The construction begins with 30 isosceles triangles and nine equilateral triangles which he cut from solid wood on a chop saw. To join the pieces he used metal banding and screws, which hold the edges close together but allow them to flex. This solved the problem of precision mitres at the edge of each wood piece. Once the dome was fully assembled he filled the joints with caulk and finished it with rubber roofing compound.

Our only question is: how’s he going to automate the door of the coop?

19 thoughts on “Fowl Accommodations Provided By Mathematics

  1. Nice!

    I always wanted to make a geodesic comfy chair. Similar to the Eero Aarnio bubble chairs. Do you think the metal joints would be sturdy enough to support a 90 kilo meatbag? Losing weight is not an option. ;)

  2. Not to take away from what Anthony has done. The article was enjoyable and what he has made is a great build. The use of the materials for the joints was creative. I would like to see an 2ndary modification to this buildup from the original design. Then I would consider that a Hack.

    I would like to See a Temp probe or Coyote proximity alarms :D

  3. Item one…It doesn’t matter how roomy a hen house is. The hens will always try to roost anywhere else, at least occasionally.

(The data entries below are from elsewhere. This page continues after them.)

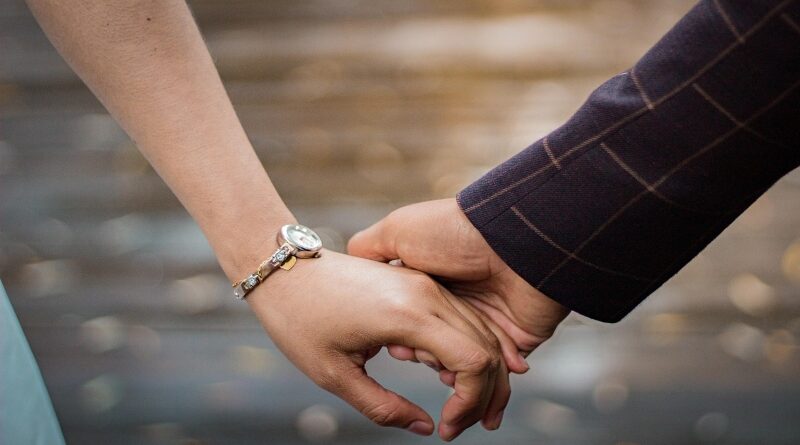 El "Love Bombing": Una técnica de manipulación disfrazada de amor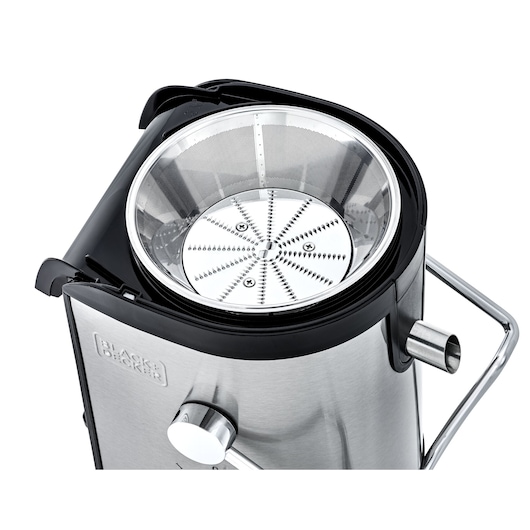 BLACK+DECKER JE800 stainless steel juicer top view with metal filter basket and spout.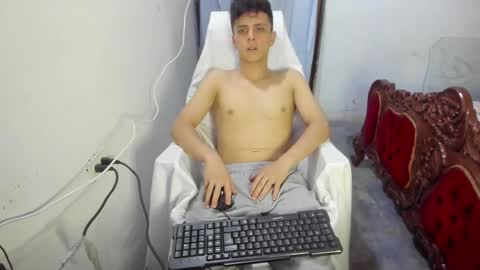 Snapshot of liz_and_chris1 chatting on 01/02/25, 11:38 Chris online show from 01/02/25, 11:38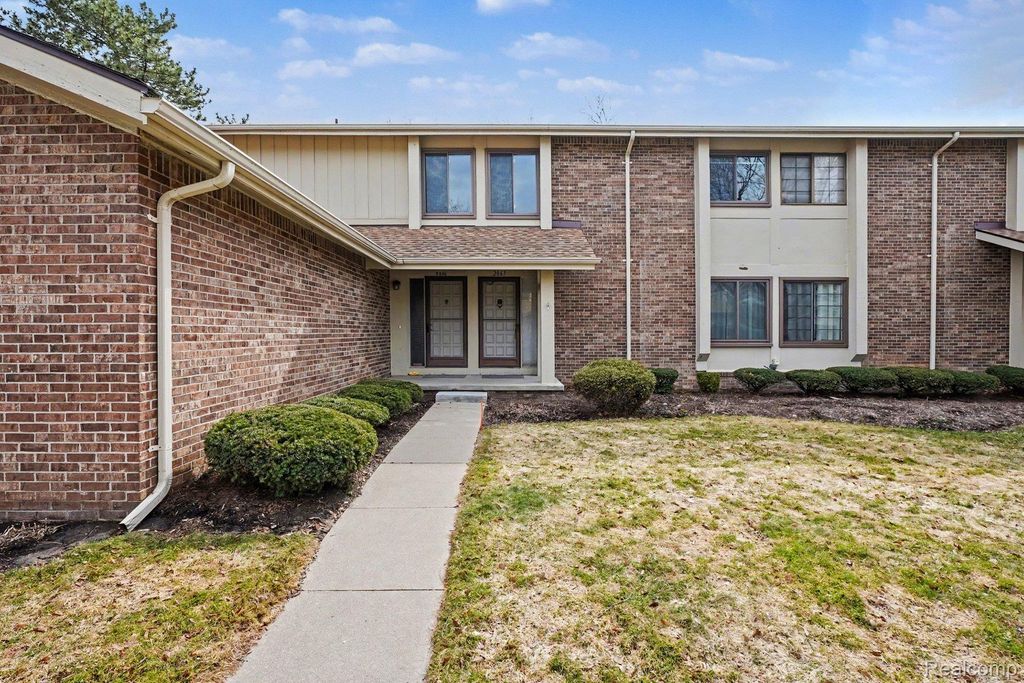 2863 Trailwood Drive, Rochester Hills, MI 48309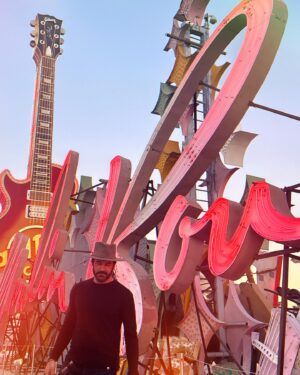 Clive Standen Instagram - Neon 🦴yard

    Secondly…the removable lid is a great design…the low roof will help keep it warmer in the winter, and yet makes it easier to get at the eggs.

  4. @WeAreMany – I like what he’s done so far but you’re right in that something like a 1-wire temp unit or other sensors would add a lot.

    I think I’ve figured out how to automate the door. Put a piece of u-channel on the right side, put a triangle door on a single pin/bolt on the left side, then use either a motorized cable or worm gear in the u-channel to rotate the door closed.

    The u-channel keeps the door from flopping around and holds it from both inside force (chickens trying to get out) and outside force (beasts trying to get in).